La medida tuvo muy buena recepción en el barrio Zitarrosa, una comunidad construida a partir del esfuerzo cooperativo que destacó el valor del programa y consideró que seguramente encontrará “un terreno fértil, aunque no exento de desafíos”.
Susana Pacheco lo resume con claridad: la expectativa con que iniciamos esta nueva etapa es alta, pero también lo es la conciencia del problema.
“Los residuos viven en la calle permanentemente”, señala, describiendo una realidad donde la limpieza parece siempre correr desde atrás. Para ella, el punto de inflexión no está solo en la infraestructura, sino en la actitud: “si nos quejamos, también tenemos que hacernos cargo”. La llegada de los contenedores, con opciones para separar reciclables y desechos, representa —según su mirada— un primer paso hacia un cambio más profundo.

Esa idea de proceso también aparece en el testimonio de Adriana Méndez, quien pone en perspectiva la historia del barrio. Donde antes había cañaverales, hoy hay viviendas, comunidad y sentido de pertenencia, construidos a lo largo de casi dos décadas.
En ese recorrido, la mejora de la limpieza aparece como una etapa más de consolidación. “Es un gran paso para una buena convivencia”, afirma, con la expectativa de que la clasificación de residuos permita no solo ordenar el entorno, sino también darles una segunda vida a los materiales reciclables.

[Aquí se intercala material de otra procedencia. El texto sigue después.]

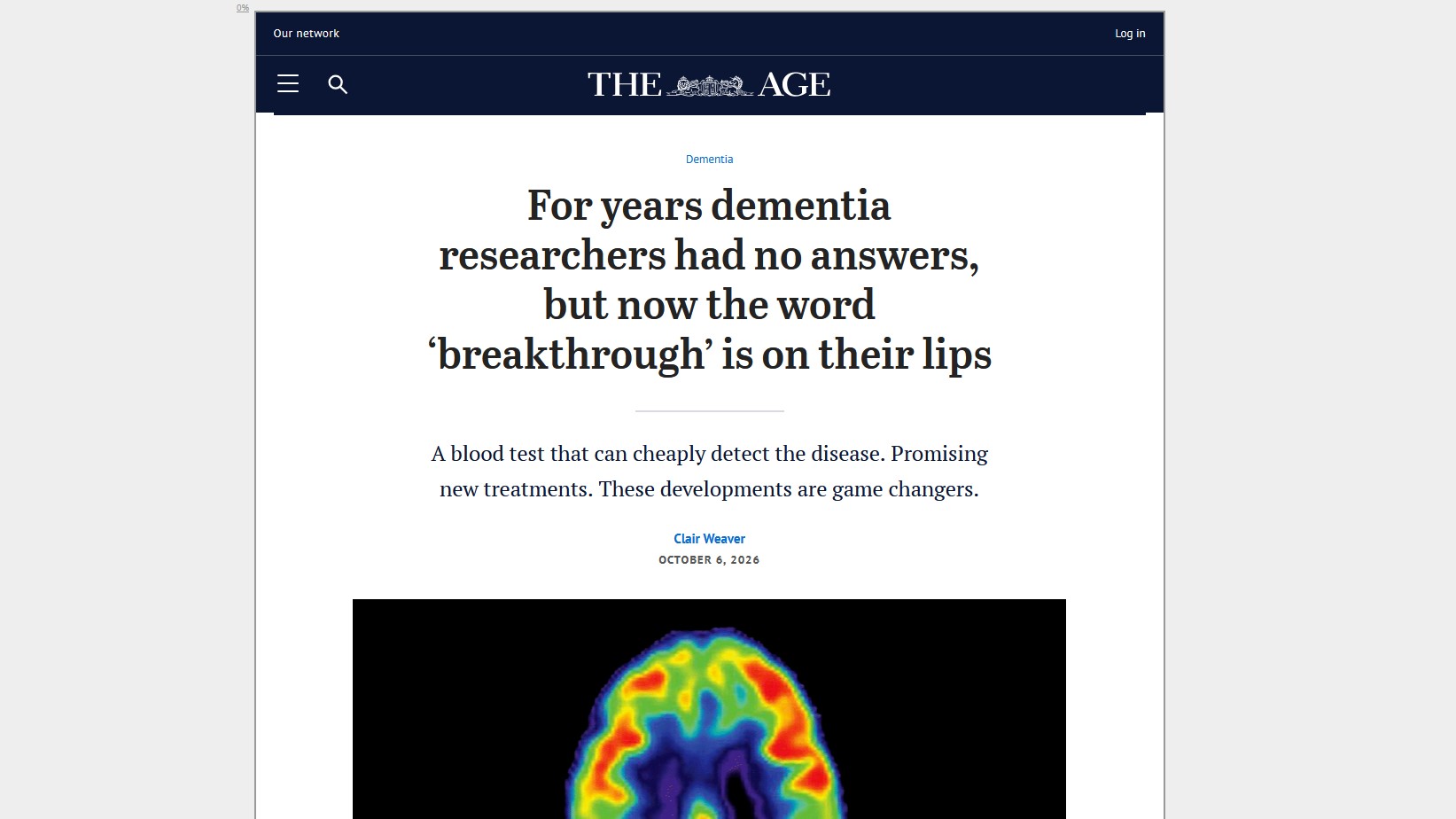 Imaging remains crucial: Alzheimer’s breakthrough doesn’t end with a blood test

El rol de las cooperativas
Desde una mirada más práctica, Adriana Machado destaca el impacto organizativo que puede tener la medida. En un barrio con alta densidad de población, la gestión interna por cooperativas aparece como una herramienta clave para evitar la acumulación de basura. “Cada cooperativa se va a hacer cargo de sus residuos”, explica, valorando el control cercano como mecanismo de orden.
Machado también pone sobre la mesa otro componente del cambio: la incorporación de prácticas como el compostaje. Tras intentos previos más precarios, la llegada de equipamiento adecuado abre la puerta a una gestión más eficiente de los residuos orgánicos. Sin embargo, introduce una advertencia que atraviesa todos los testimonios: sin conciencia, no hay sistema que funcione. “Podés tener los elementos, pero si la gente no acompaña, es lo mismo que nada”, sostiene.
En ese equilibrio entre política pública y compromiso ciudadano parece jugarse el éxito de la iniciativa. La entrega de contenedores en el barrio Zitarrosa no es solo una respuesta logística a un problema urbano, sino también una apuesta a modificar hábitos arraigados.
El desafío, como coinciden las voces del barrio, no termina con la distribución de los dispositivos. Recién empieza ahí.